Jan Resseger is upset that the New York Times posted an article seeking to revive the moribund Common Core standards.

Some states dropped the CC standards; some kept them but gave them a new name. Most dropped the CC-aligned tests.

In her view, the CCSS died because it was hated by significant numbers of teachers and parents. It launched the Opt Out movement in New York State, which annually enlists the non-cooperation of nearly 20 percent of the state’s test-eligible students.

They were hated because it was not “developed by governors, educational experts, state superintendents, and teachers,” as the founding myth claims, but by a small number of people who wrote them with minimal consultation of classroom teachers.

They were hated because they were funded by one man–Bill Gates–and never validated by any field trial in real classrooms.

They were pushed on the states not by consent but by the lure of $5 billion in Race to the Top funding. The only state officials who had to agree were the governor and the state superintendent, and most of those have since moved on. The states that did not agree to accept the CCSS were not eligible to compete for RTTT billions

They fell into disfavor because activists on the right saw them as federal overreach and activists among teachers and parents in the center and on the left disliked the standards and hated the tests.

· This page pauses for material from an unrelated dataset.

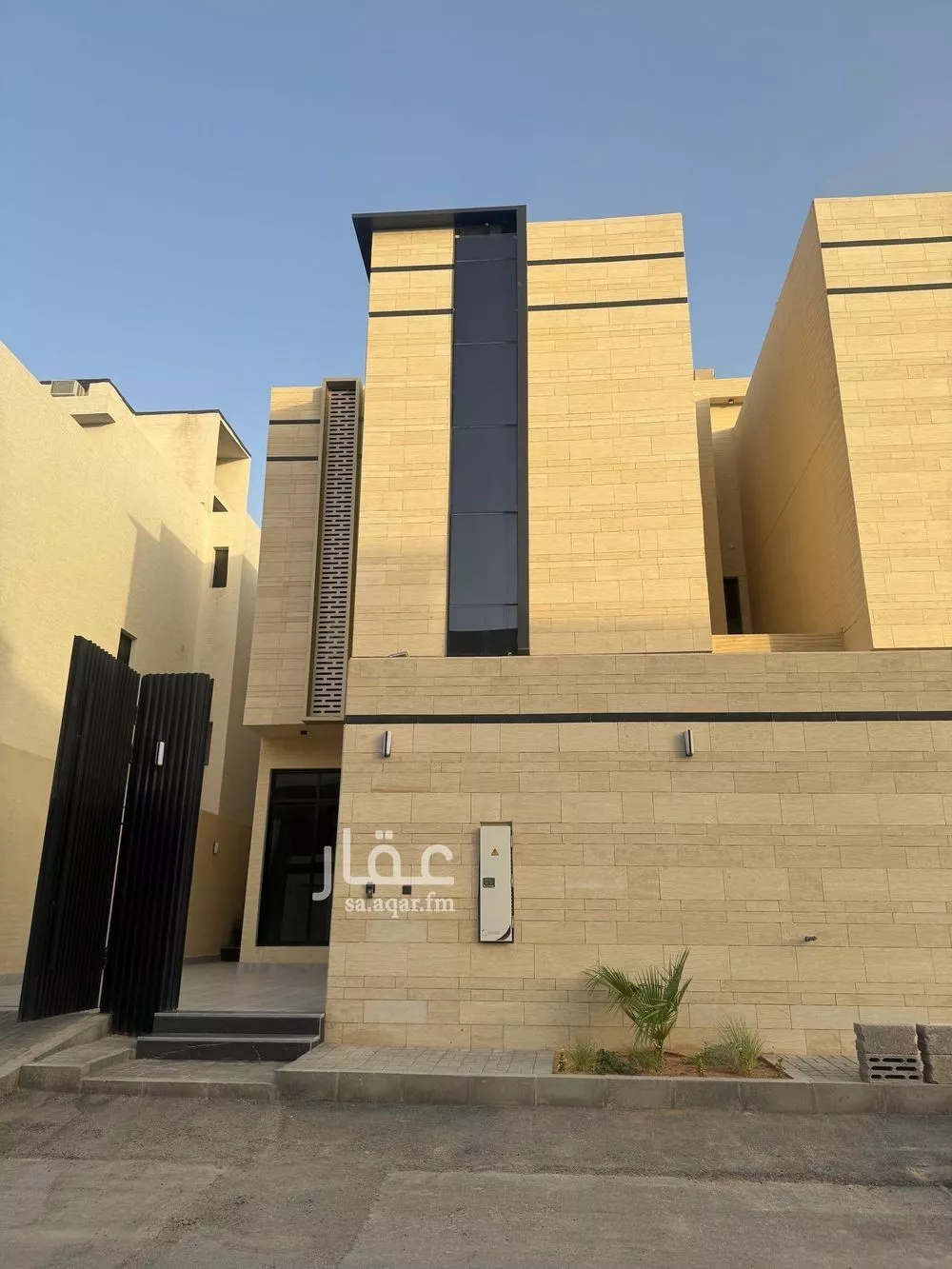 فيلا للبيع في شارع أبي البركات التميمي, حي النرجس, مدينة الرياض, منطقة الرياض 1 صورة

They lost support when the testing consortia that Arne Duncan funded with $360 million arbitrarily decided to align the CCSS test standards with those of the NAEP, which was totally inappropriate. The NAEP standard for “proficiency” is not grade-level, nor is it pass-fail. It represents a high level of achievement, like a B+ or an A-. Massachusetts is the only state in the nation where as much as 50% of students score NAEP proficient, yet the Common Core testing groups expected that most American students would reach that high mark. They did not, and the CCSS tests wrongly generated headlines that inaccurately labeled students, schools, and districts as “failing” when they did not reach an impossible benchmark.